Primeira lição aprendida
Qualquer que seja a estratégia de desenvolvimento econômico escolhida, é importante construir a combinação de instituições apropriadas para a dinâmica econômica do território. Não é suficiente juntar todas as partes interessadas, elas precisam também ter as habilidades, o conhecimento e as competências (e a história) para serem capazes de ler as oportunidades e desafios e de fazer as escolhas certas com recursos escassos. Encontrar o equilíbrio certo entre o potencial produtivo de um território e seu potencial de mercado requer uma experiência profissional que geralmente não é encontrada em comunidades pobres.

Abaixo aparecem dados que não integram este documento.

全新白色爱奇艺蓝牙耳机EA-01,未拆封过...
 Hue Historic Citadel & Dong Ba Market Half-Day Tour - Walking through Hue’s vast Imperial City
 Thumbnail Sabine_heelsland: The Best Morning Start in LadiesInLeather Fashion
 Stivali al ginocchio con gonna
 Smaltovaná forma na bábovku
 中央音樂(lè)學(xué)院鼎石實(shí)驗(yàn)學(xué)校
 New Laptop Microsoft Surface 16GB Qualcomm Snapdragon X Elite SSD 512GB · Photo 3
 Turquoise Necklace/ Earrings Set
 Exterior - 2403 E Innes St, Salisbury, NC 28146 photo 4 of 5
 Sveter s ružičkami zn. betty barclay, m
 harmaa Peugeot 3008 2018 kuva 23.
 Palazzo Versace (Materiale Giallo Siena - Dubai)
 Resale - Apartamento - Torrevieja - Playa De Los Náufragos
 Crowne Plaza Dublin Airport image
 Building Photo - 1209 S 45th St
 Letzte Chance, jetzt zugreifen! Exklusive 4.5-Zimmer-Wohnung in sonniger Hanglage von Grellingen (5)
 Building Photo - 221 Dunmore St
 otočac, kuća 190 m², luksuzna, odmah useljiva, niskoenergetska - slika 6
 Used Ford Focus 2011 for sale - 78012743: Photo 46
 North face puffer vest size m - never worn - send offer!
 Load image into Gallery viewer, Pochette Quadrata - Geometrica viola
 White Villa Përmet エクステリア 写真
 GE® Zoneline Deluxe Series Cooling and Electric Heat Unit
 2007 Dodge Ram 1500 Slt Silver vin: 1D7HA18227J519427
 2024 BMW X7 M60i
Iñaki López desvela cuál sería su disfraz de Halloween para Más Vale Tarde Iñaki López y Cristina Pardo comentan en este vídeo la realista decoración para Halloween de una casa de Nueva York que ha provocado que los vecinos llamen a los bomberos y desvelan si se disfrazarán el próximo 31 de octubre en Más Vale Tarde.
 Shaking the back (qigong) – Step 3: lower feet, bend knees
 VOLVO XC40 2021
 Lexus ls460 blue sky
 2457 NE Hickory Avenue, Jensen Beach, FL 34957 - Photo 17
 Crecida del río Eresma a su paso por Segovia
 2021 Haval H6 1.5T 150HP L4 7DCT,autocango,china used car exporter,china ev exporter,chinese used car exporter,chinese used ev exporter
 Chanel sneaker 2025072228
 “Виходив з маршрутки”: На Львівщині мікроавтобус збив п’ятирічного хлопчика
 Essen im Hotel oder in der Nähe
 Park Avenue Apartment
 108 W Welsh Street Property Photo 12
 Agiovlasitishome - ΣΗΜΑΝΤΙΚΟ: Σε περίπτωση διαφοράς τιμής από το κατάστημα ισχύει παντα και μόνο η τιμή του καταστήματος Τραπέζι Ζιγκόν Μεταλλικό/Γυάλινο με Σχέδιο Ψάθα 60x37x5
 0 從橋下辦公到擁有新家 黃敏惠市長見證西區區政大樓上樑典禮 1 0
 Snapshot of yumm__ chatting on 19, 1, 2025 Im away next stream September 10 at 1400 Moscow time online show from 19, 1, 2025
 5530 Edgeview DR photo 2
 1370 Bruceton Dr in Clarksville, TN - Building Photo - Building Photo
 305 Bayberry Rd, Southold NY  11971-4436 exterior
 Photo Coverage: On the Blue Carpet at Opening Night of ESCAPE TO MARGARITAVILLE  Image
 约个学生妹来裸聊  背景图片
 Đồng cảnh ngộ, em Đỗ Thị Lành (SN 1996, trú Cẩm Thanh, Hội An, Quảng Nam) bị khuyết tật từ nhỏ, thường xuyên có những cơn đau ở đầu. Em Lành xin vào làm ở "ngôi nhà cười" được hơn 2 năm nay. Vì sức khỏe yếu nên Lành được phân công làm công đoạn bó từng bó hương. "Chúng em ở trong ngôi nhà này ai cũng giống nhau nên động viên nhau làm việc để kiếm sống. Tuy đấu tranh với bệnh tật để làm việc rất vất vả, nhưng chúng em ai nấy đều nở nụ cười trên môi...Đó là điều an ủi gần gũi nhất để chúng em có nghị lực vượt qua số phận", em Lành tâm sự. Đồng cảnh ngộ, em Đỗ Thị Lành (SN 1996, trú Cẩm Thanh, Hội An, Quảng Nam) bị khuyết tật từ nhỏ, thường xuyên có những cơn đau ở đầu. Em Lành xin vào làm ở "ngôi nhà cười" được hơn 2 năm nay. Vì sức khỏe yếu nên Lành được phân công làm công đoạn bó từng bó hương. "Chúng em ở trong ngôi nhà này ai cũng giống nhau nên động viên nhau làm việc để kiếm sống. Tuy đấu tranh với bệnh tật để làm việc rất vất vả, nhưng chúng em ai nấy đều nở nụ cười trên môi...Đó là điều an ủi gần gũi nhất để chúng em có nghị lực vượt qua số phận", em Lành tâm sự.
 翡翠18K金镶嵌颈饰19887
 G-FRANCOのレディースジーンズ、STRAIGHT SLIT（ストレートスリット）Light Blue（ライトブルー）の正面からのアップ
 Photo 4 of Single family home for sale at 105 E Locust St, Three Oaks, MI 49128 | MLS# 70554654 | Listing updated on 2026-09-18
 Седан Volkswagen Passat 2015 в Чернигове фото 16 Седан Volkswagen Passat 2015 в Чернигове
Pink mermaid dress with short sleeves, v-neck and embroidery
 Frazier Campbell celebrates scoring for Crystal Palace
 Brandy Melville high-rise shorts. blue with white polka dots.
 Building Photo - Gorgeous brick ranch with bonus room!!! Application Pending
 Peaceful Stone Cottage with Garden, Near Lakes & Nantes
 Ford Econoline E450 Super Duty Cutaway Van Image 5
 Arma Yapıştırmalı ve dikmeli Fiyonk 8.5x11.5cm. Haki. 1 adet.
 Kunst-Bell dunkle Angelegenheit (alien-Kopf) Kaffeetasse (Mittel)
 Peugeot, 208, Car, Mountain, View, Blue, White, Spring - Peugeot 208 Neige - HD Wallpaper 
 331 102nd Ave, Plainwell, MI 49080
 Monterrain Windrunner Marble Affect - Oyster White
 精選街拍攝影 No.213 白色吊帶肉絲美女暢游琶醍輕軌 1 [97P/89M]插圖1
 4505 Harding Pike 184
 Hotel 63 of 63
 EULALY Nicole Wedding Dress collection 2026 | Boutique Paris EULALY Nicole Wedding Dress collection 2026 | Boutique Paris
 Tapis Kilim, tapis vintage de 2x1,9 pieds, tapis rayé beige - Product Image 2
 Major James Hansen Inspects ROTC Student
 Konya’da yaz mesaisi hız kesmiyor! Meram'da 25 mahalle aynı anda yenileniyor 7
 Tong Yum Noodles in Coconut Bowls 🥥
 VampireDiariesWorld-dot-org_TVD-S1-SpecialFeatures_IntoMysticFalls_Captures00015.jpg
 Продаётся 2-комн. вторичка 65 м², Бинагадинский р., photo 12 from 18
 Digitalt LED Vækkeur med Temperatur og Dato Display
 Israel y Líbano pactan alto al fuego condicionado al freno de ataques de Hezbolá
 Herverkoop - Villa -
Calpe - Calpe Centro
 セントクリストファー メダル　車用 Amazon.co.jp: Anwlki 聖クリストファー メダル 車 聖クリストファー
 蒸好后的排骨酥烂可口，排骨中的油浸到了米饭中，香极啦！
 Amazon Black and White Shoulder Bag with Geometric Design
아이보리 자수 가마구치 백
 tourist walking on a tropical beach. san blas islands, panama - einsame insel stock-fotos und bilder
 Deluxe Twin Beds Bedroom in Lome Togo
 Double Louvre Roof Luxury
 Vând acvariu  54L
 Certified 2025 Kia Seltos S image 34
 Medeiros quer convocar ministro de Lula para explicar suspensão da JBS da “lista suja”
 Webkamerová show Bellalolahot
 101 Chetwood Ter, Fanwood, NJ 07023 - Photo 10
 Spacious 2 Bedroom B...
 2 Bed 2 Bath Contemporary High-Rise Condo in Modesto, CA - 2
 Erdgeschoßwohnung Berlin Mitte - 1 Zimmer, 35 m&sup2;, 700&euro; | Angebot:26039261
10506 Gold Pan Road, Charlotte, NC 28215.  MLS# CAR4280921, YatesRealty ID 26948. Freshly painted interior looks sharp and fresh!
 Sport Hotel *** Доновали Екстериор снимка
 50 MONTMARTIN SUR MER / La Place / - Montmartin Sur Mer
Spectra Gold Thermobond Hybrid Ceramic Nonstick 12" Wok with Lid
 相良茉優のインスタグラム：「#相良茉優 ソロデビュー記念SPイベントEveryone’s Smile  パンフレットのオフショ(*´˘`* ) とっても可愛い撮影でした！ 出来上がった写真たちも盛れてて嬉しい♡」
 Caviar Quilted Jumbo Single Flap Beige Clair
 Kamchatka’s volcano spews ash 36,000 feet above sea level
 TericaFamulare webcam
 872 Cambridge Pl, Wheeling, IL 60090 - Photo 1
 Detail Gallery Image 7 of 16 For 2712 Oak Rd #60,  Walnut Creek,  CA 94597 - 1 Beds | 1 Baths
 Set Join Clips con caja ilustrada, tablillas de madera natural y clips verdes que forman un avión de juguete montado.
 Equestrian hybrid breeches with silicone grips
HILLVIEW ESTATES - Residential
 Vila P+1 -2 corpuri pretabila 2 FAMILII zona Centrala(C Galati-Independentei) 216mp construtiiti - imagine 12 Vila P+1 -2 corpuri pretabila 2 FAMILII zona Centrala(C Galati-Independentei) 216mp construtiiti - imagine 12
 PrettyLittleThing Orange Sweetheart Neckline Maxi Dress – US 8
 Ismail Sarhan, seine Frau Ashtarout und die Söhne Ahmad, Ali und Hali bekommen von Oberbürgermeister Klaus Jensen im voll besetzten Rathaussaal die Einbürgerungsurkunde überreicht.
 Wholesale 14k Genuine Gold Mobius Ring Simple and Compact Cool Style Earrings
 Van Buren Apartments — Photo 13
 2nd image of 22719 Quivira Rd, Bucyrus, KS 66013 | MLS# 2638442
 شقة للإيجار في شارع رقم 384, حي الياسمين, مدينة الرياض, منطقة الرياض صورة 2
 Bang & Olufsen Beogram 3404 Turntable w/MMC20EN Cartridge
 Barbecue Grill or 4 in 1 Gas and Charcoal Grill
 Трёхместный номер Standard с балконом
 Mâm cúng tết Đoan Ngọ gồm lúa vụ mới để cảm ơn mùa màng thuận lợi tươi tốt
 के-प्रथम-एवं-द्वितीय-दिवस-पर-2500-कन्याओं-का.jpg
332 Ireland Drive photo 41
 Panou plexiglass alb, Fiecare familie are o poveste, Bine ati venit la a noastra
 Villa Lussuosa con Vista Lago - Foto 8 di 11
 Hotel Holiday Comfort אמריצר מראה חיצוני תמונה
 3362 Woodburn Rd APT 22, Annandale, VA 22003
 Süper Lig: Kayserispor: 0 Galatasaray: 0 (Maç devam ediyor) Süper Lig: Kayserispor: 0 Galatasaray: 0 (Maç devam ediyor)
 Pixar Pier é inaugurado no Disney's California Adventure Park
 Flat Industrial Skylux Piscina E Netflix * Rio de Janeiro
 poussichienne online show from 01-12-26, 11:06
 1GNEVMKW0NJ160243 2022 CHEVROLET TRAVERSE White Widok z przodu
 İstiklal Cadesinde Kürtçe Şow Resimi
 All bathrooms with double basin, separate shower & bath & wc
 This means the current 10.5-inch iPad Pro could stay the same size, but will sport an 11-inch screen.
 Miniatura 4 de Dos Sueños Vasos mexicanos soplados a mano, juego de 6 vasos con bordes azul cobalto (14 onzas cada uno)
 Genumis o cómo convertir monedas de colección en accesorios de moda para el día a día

As alianças com instituições fora do território que também podem contribuir para construir capacidades locais são cruciais aqui, mas esses parceiros são difíceis de se encontrar. Está claro, no entanto, que sem um esforço consciente para construir as parcerias certas, é quase impossível ir além dos projetos de pequena escala.
Segunda lição aprendida
As teorias econômicas tradicionais do desenvolvimento são falhas quando enfocam a ajuda a comunidades para atingir seu potencial e construir capacidade local e controle do processo de desenvolvimento econômico. Nenhuma intervenção econômica sozinha pode produzir esse tipo de mudança. Tecnologias, conhecimento do mercado, investimentos em infra-estrutura, instituições financeiras sólidas, políticas públicas apropriadas, estratégias de emprego, pensamento estratégico – todas essas coisas e muito mais são necessárias para realmente produzir um impacto sustentável na vida econômica das comunidades.
Terceira lição aprendida
Modelos estratégicos de desenvolvimento econômico não se sustentam sozinhos! Tanto o enfoque trickle-down quando o bottom-up nos países em desenvolvimento foram amplamente baseados em modelos econômicos teóricos, sem levar em conta as condições locais. Os pontos fracos desses modelos não estão na idéia de serem trickle-down ou bottom-up, mas no fato de que a maioria deles não leva a sério a complexidade das relações de poder específicas e da situação macro-econômica e política nos lugares onde são implementados. No caso do programa da Kellogg Foundation na América latina, o nível de poder e influência que os jovens podem ter para empurrar suas iniciativas econômicas seria muito pequeno sem ajuda externa.
Um começo?
Essas três lições talvez sejam um ponto inicial para o tratamento do lado ‘duro’ do desenvolvimento. As fundações evidentemente não podem fazê-lo sozinhas. Elas – nós – devemos desempenhar o papel de convocadores, unindo diferentes players e fazendo as escolhas estratégicas corretas sobre onde e quando seus investimentos podem mobilizar outros parceiros locais e externos. Elas devem se basear em diferentes tipos de experiências e se expor a críticas e a fracassos. Elas devem assumir riscos e assumir compromissos de longo prazo com poucos efeitos visíveis a curto prazo, exatamente em uma época em que a pressão por ‘atingir as metas’ está crescendo em todos os lugares.
Em democracias fracas, ajudar as comunidades a construir seu próprio futuro muitas vezes envolve afetar o equilíbrio estabelecido entre o poder econômico e o poder político. Investir na capacidade de comunidades privadas de seus direitos civis fazerem isso é uma estratégia política, não econômica. A democratização das relações de poder, através da ajuda para aumentar a voz e a participação daqueles que são afetados pelo desenvolvimento econômico desigual, está implícita nessa opção política.
As fundações estão preparadas e desejam enfrentar esse desafio?